The bill specifically targets the California Public Employees’ Retirement System (CalPERS) and the California State Teachers Retirement System (CalSTRS) who currently have around $15 billion invested into the largest fossil fuel companies around the world such as Shell and Chevron.
Currently, the California State University system, including California State University, Monterey Bay, offers CalPERS as its main retirement plan to eligible faculty and staff, including professors.
After SB 252’s introduction, it was successfully passed through the California State Senate and ordered to the California State Assembly. It was later referred to Tina McKinnor, chair of the Assembly Committee on Public Employment and Retirement committee on June 6, when she decided to not hear it out, delaying the bill to this year.
CalPERS is the second largest retirement fund in the United States with an investment portfolio of over $483 billion covering over 2 million retirees. CalSTRS is the third largest fund with over $327 billion in assets.
As California aims to become less reliant on fossil fuels with similar notable bills prohibiting investment and requiring disinvestment into coal companies for these public employee retirement funds, it comes as no surprise that the state has been turning its attention to one of the biggest contributing factors to climate change – oil.

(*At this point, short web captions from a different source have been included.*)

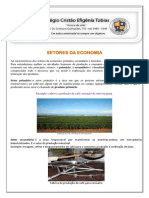 Atividade Economica PDF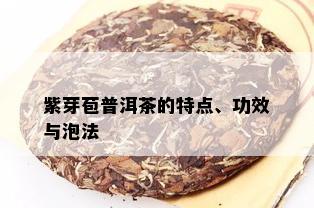 紫芽苞普洱茶的特点、功效与泡法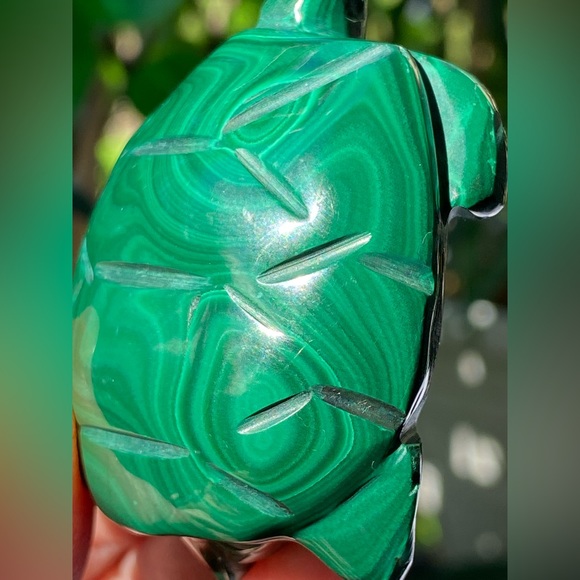 Malachite Turtle - Picture 10 of 16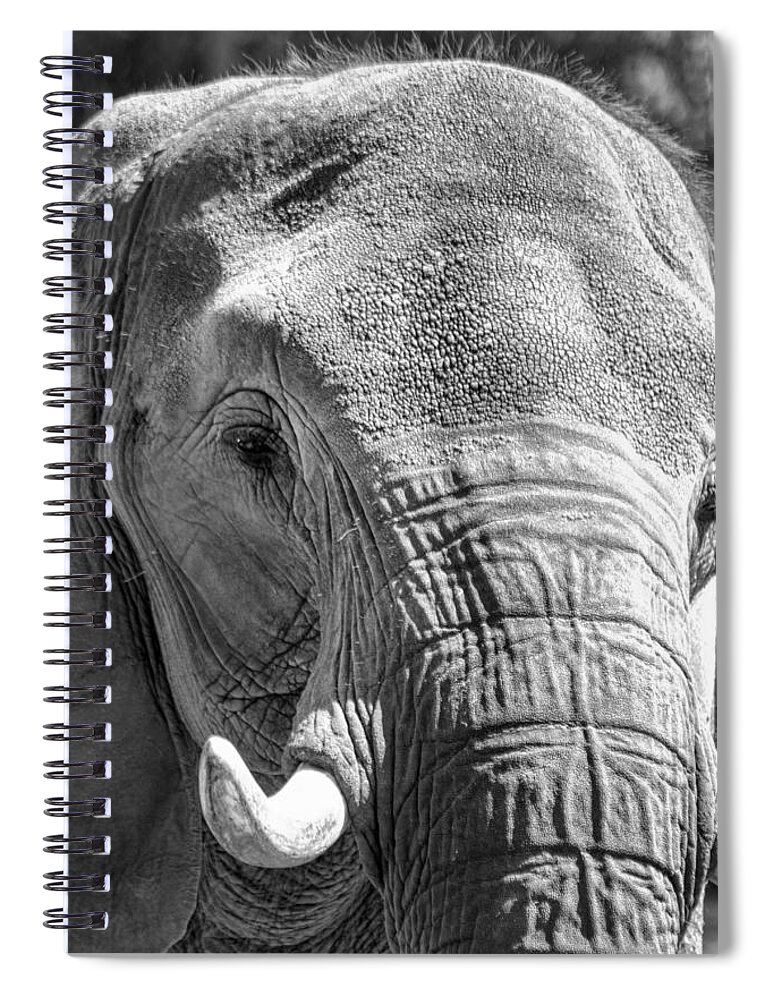 Elephant Spiral Notebook featuring the photograph Sleepy Elephant Lady Black and White by Kathy Clark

Despite SB 252 failing to pass in 2023, calls for CalPERS to divest in big oil have been fueled for years by climate change activist groups and state worker organizations. There has been immense pressure for the pension to make long-term changes to its investment portfolio.
During a November board meeting, CalPERS announced the “CalPERS’ Sustainable Investments 2030 Strategy,” where they laid out the intentions to create a plan to have a net zero portfolio by 2050 as well as an exit plan for “companies without credible net zero plans.”
During this meeting, there was also a commitment made to invest over “$100 billion toward climate solutions by 2030, and [accelerate] the transition to a low-carbon economy through more selective investments in high emitting sectors.”
While this new plan has been praised for acknowledging the issue and looking into solutions, it has also been criticized for its lack of transparency in the timeline of dates and actions it plans to take. The strategy does not highlight any specific criteria for those “companies with credible net zero plans,” as a part of the investments it plans to exit from, as well as the companies they plan to invest billions of dollars into.
With SB 252 getting a second opportunity to become law this year, there is a lot to be decided, especially regarding who CalPERS invests in for the future.
The Organisation for Economic Co-operation and Development estimates that without new policies, by 2050 there will be a 50 percent increase in global greenhouse gas emissions “primarily due to a 70 percent growth in energy-related CO2 emissions.”